Tukey began the paper by saying “For a long time I have thought I was a statistician, interested in inferences from the particular to the general … I have come to feel that my central interest is in data analysis, which I take to include, among other things: procedures for analyzing data, techniques for interpreting the results of such procedures, ways of planning the gathering of data to make its analysis easier, more precise or more accurate, and all the machinery and results of (mathematical) statistics which apply to analyzing data.”
The paper is a tour de force. Amongst the special growth areas he identifies are (using his terms, which the modern reader will readily be able to translate): spotty data, multiple-response data, problems of selection, ways of assessing error, data heterogeneous in precision, incomplete data, and others.
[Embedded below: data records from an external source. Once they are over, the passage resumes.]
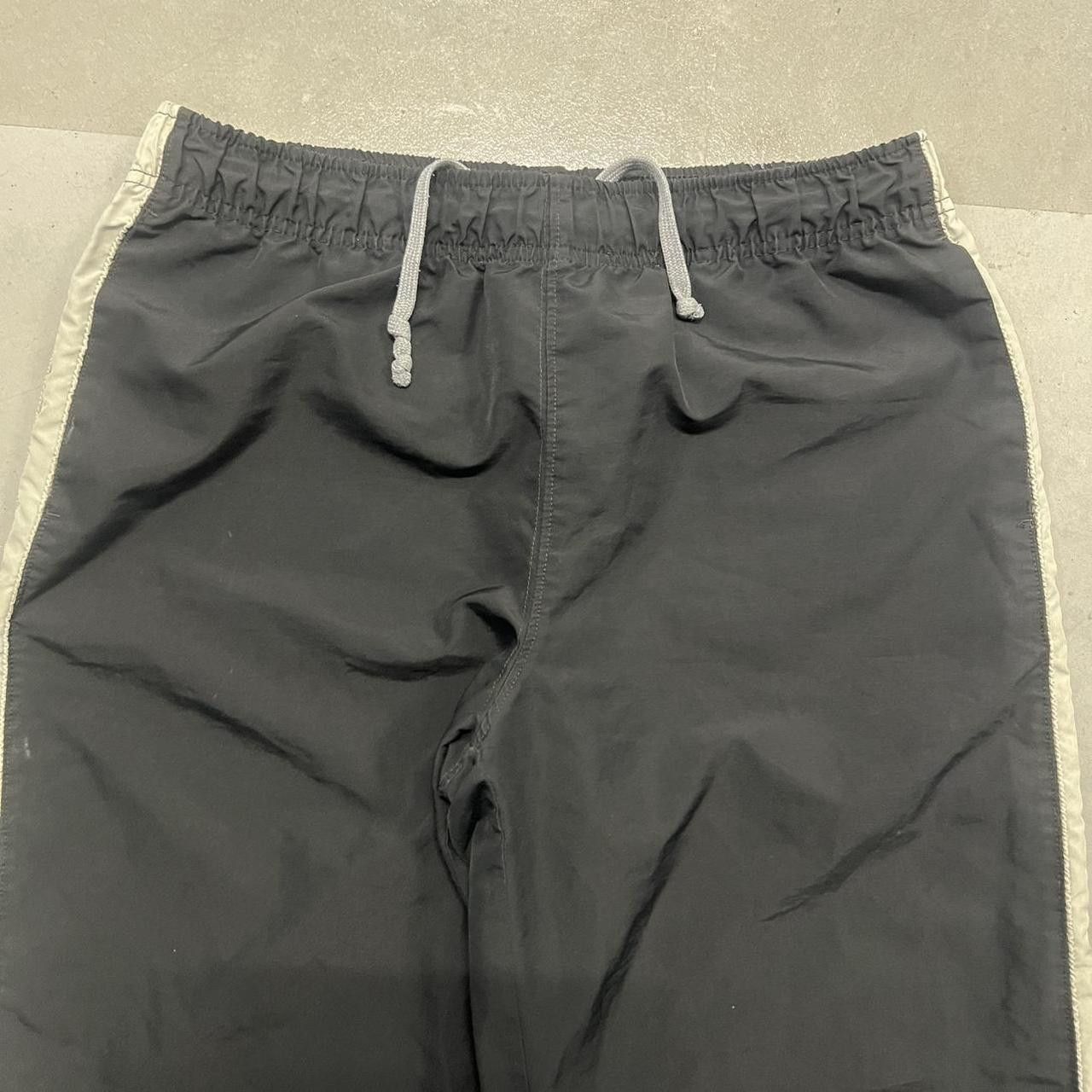 Vintage Vintage Y2K/2000s Baggy Striped Track pants with adjustable waistband and drawstrings! Size US 32 / EU 48 - 3 Thumbnail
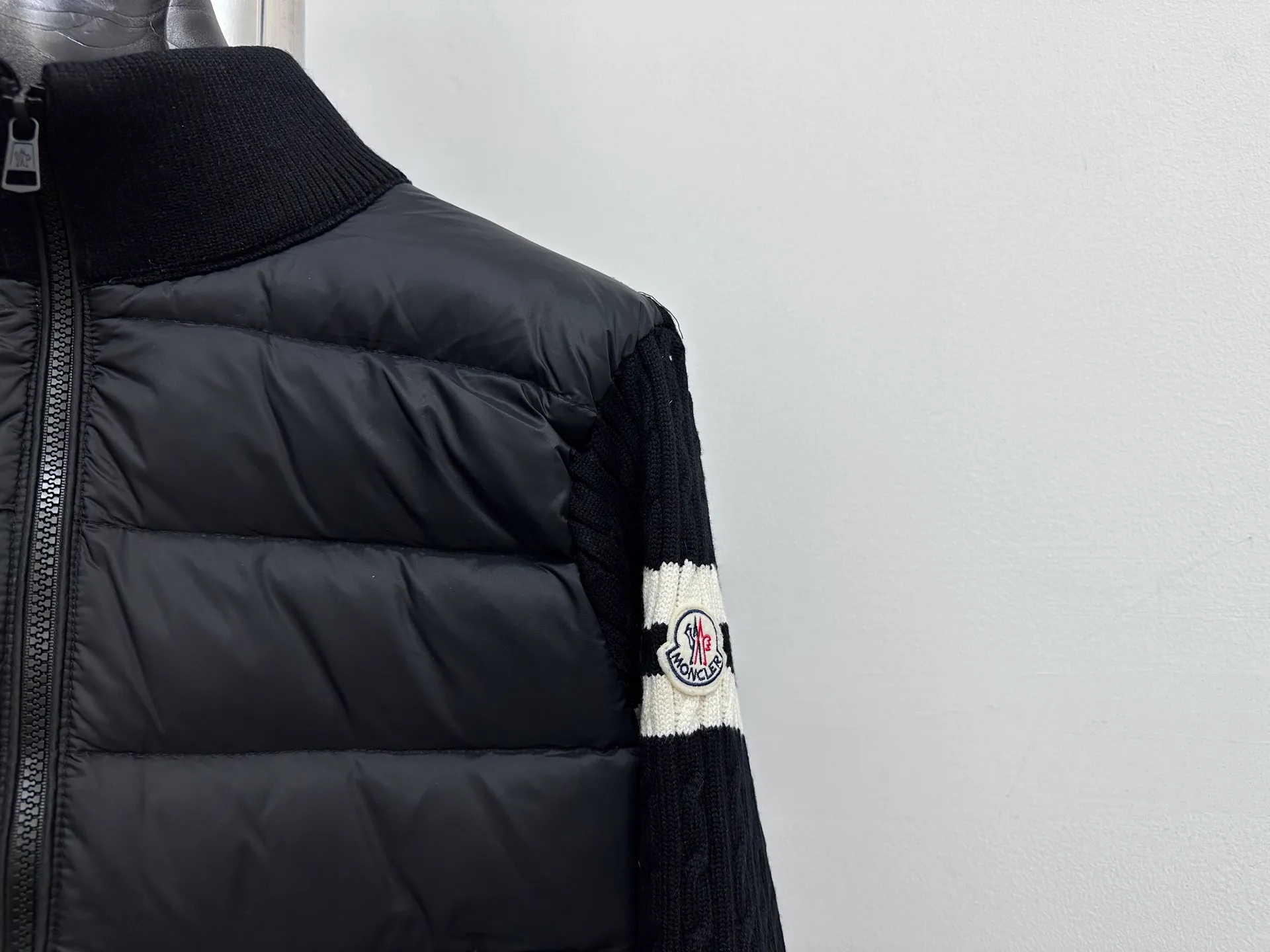 P680 [Moncler] Hooded down and wool knitted down jacket This cardigan is made of wool and cashmere fabrics and filled with warm down. The zippered silhouette and knitted turtleneck add extra protection from the elements. Lightweight knitted piece trimmed with soft leather. Size: 1 2 3 4 5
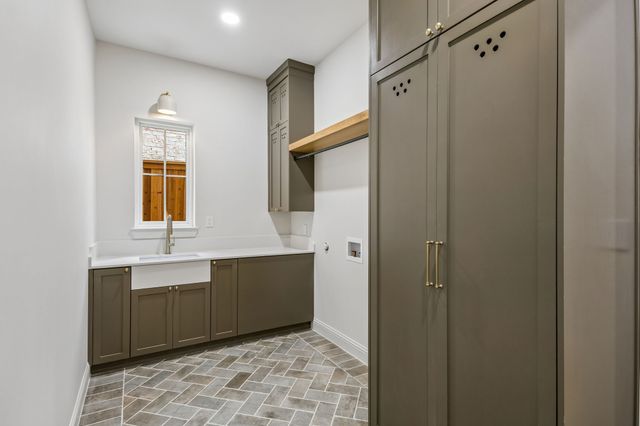 6250 Palo Pinto Avenue, Dallas, TX 75214
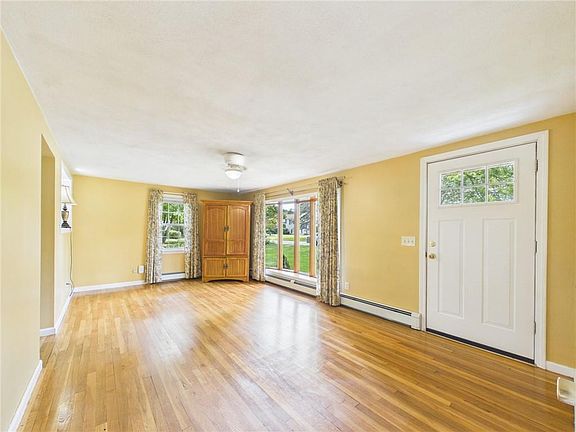 5th image of 77 Surrey Ln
He stresses the need for iteration in data analysis, something which is fundamental as one tries to understand data or fit a predictive model to it.
To initiate new forms of analysis he draws attention to the need to seek wholly new questions (he mentions “more complexly organised data,” and complex data has been a recurring theme in modern statistics and data science), tackling old problems in more realistic frameworks (e.g. nonparametric methods), finding novel ways to summarise data (look at the data this way and that way; don’t just follow the “standard” approach), and finding and evading deeper constraints (the notion that different experts, with different ways of looking at things, could lead to different insights). Regarding the last point, he stresses the danger in supposing that “all statisticians should treat a given set of data in the same way…”—and I really like his description of the danger: “…all British admirals, in the days of sail, maneuvered in accord with the same principles. The admirals could not communicate with one another, and a single basic doctrine was essential to coordinated and effective action. Today, statisticians can communicate with one another, and have more to gain by using special knowledge (subject-matter or methodological) and flexibility of attack than they have to lose by not all behaving alike.”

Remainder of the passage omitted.